Q11 Dr Julian Huppert MP: One aspect of the Big Society that I find quite interesting is what seems to be an increasing reliance on faith groups to provide services rather than on the secular services that we have become so used to having in this country. What steps will you be taking to make sure that this doesn’t lead to discrimination in services on the basis of religion, or the lack of religion, sexuality and so forth?
Mr Kenneth Clarke MP: I don’t think either of us have found that impinges on anything that we’ve done. My own view-not as a government politician-is that I have no objection whatever working with faith groups, unless they turn out to be discriminatory or are advocating some divisive view of the world in delivering the service. But they don’t necessarily do so. We all come from different spectrums but often to the same conclusions. In the kind of reforms that Tom, I and my colleagues in the department are looking at in the fields of criminal sentencing and rehabilitation, I find some of my strongest allies are from the Christian right. That is because they tend to share my view of problems in society and of the proper role of punishment followed by rehabilitation. The fact that they start from a rather different starting point than I do doesn’t make a difference. I’ve never had anybody advocate that we should have programmes-apart from the chaplaincy service-only for Christian prisoners. I welcome faith groups. Some of the very best organised volunteer bodies have a faith basis and we should work with them. I have never encountered a situation where they started becoming discriminatory. We would have to stop working with them if that was the way that they wanted to work.
Lord McNally: On the point that Ken makes on, for example, the prison chaplaincy, it’s found to be extremely useful to have not only pastors from all faiths going into prisons but mentors from faith groups helping with rehabilitation as well.

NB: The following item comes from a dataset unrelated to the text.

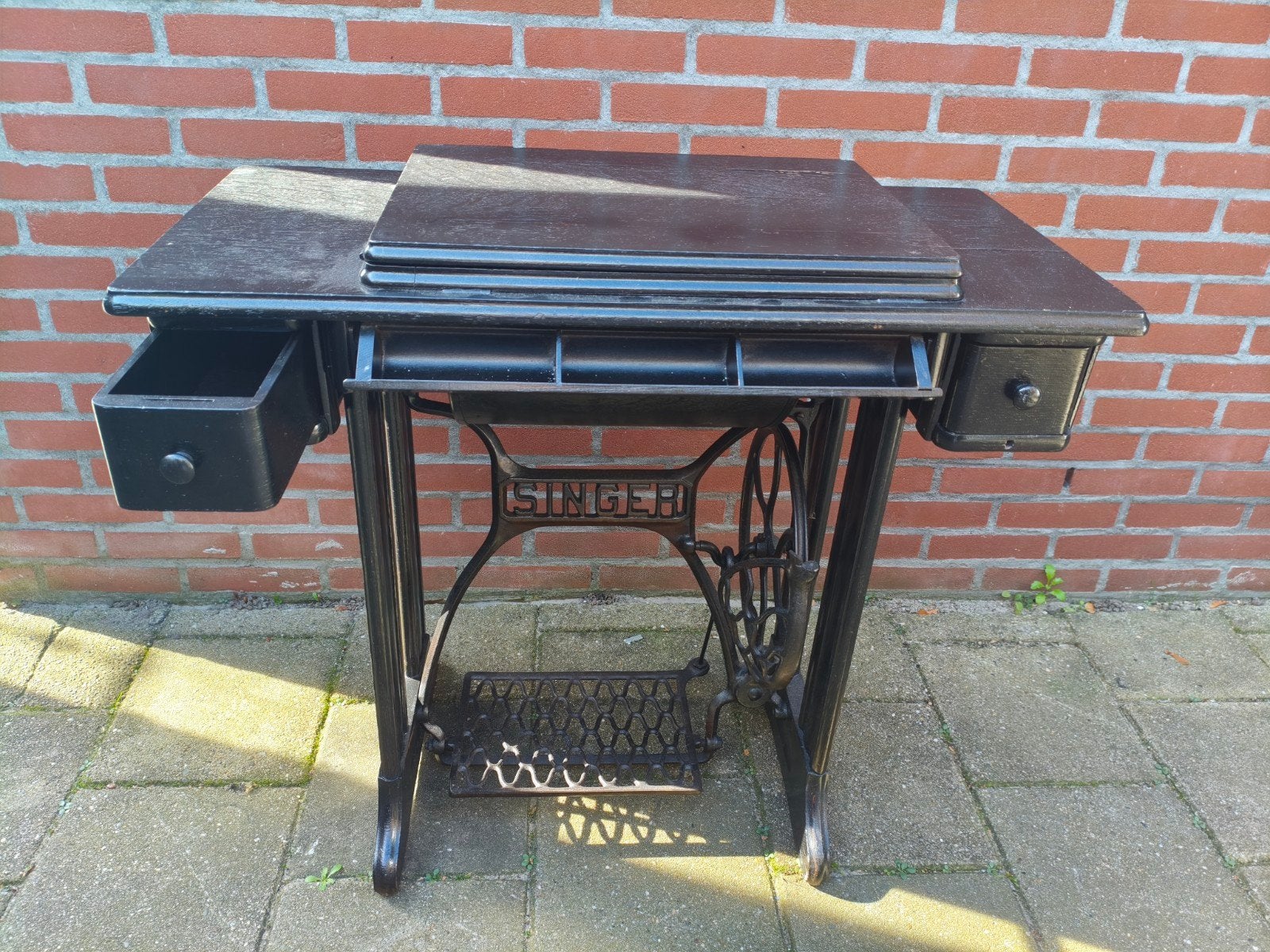 Antieke Zwarte Singer Naaimachine met Onderstel, Antiek en Kunst, Ophalen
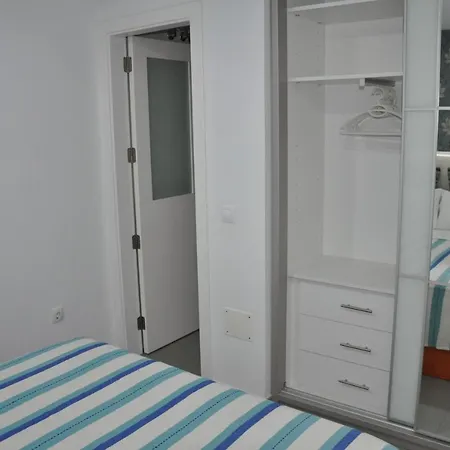 Apartment San Bartolome De Tirajana Sleeps 4 Pool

During my misspent, youth I always gave money to the Salvation Army because I thought that I might need them one day. A lot of what I find myself doing in this job goes deep into the culture of this country. One of the factors of the culture of this country has been how so often it has been the faith groups-the Sally Army, the Quakers and others-who thought of the Big Society even before our Prime Minister did, in terms of voluntary work and social reform.
The Chairman: I am anxious not to open up a long discussion on this. We might follow up with some letters to you on it. I take it from both your answers that you are open-minded if not agnostic on this question.
Q12 Lord Lester of Herne Hill: There is a problem in contracting out. In a case called YL, the Law Lords decided by a majority, in my view wrongly, that the Human Rights Act obligations did not apply, for example, to care homes and therefore regulations had to be made. The previous Government shirked the reform that was necessary to clarify this. This Committee repeatedly asked them to make it clear that when a private contractor is performing public functions they should be as bound by the Human Rights Act as a public authority. At the moment, although the Ministry of Justice, to my certain knowledge, tried to persuade others to do something about it nothing was done.
It would be unfair to ask for an answer to the question that I am going to put right now, but would you carefully consider whether the time might have come now to deal with that technical problem? Although one is in favour of contracting out, it is obviously important that private contractors performing functions that would otherwise be done by the state are subject to the same obligations so we have a level playing field and people are properly protected.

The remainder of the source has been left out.